§ DATA BELOW
__________

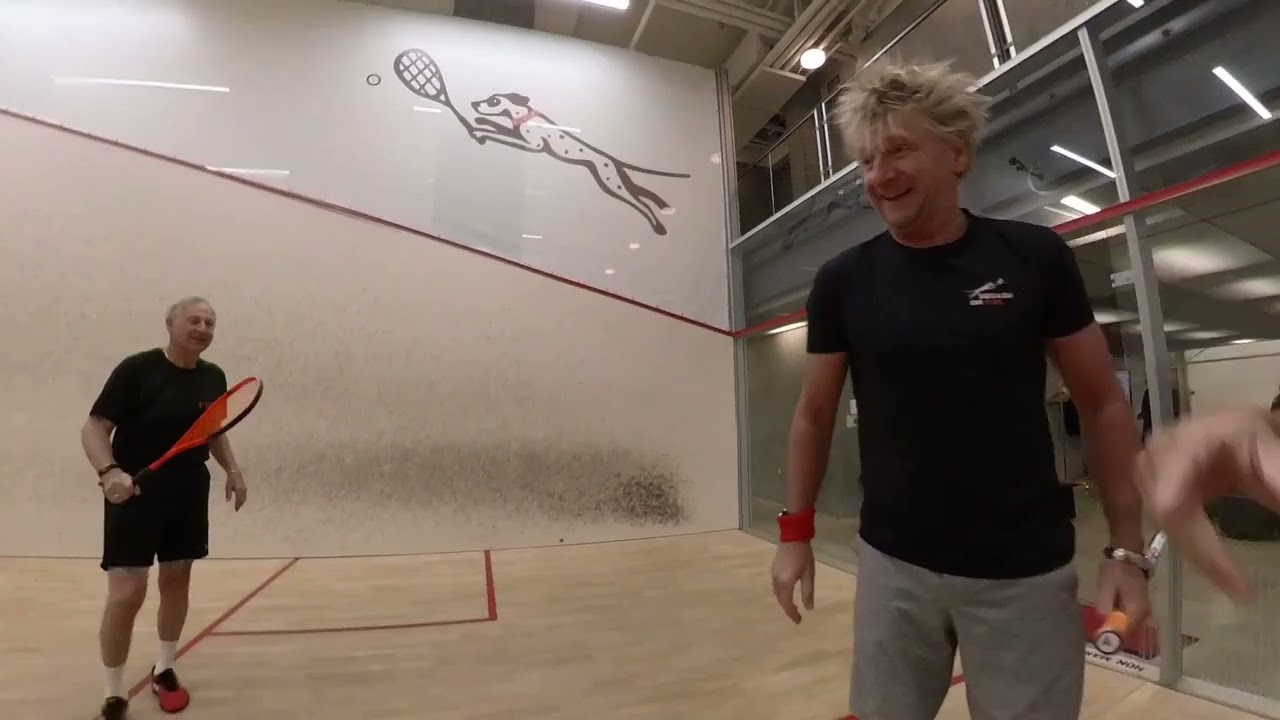 Tefft practice at Squash on Fire, with Ronny Vlassaks
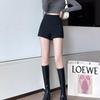 Women's High Waist Black Summer Shorts - Petite, Elastic, Anti-Exposure Hot Pants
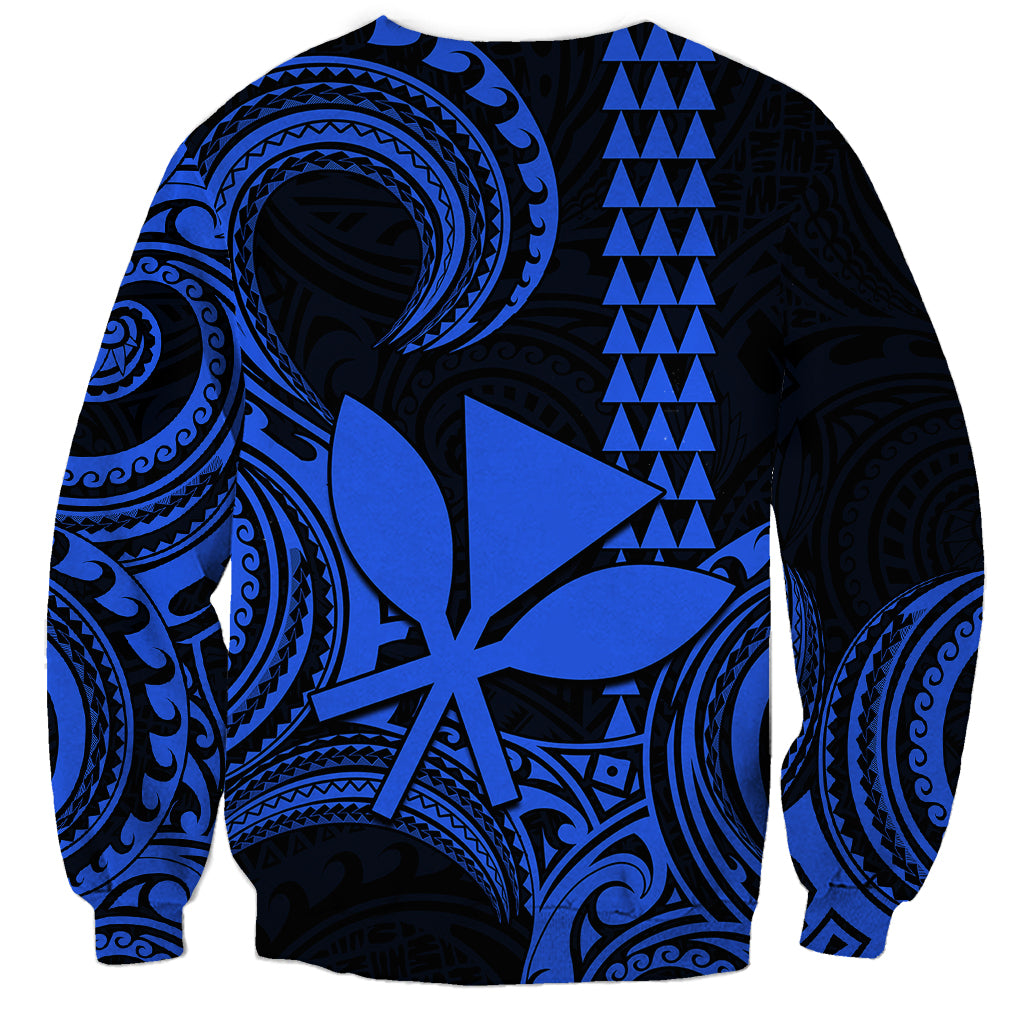 Custom King Kamehameha Day Hawaii Sweatshirt Paradise of the Pacific Tribal Kakau - Blue LT9 - Polynesian Pride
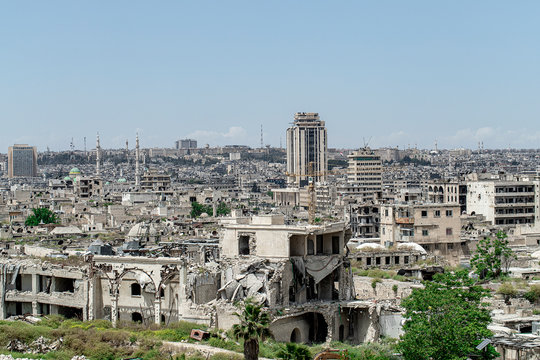 City of Aleppo and destroyed building in Syria 2019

__________

§ ABOUT THIS EXERCISE
Repeat, word for word and with no pictures, only the lines running from the beginning of the data to the line that contains "Custom King Kamehameha".

§ THE ANSWER
 Tefft practice at Squash on Fire, with Ronny Vlassaks
 Women's High Waist Black Summer Shorts - Petite, Elastic, Anti-Exposure Hot Pants
 Custom King Kamehameha Day Hawaii Sweatshirt Paradise of the Pacific Tribal Kakau - Blue LT9 - Polynesian Pride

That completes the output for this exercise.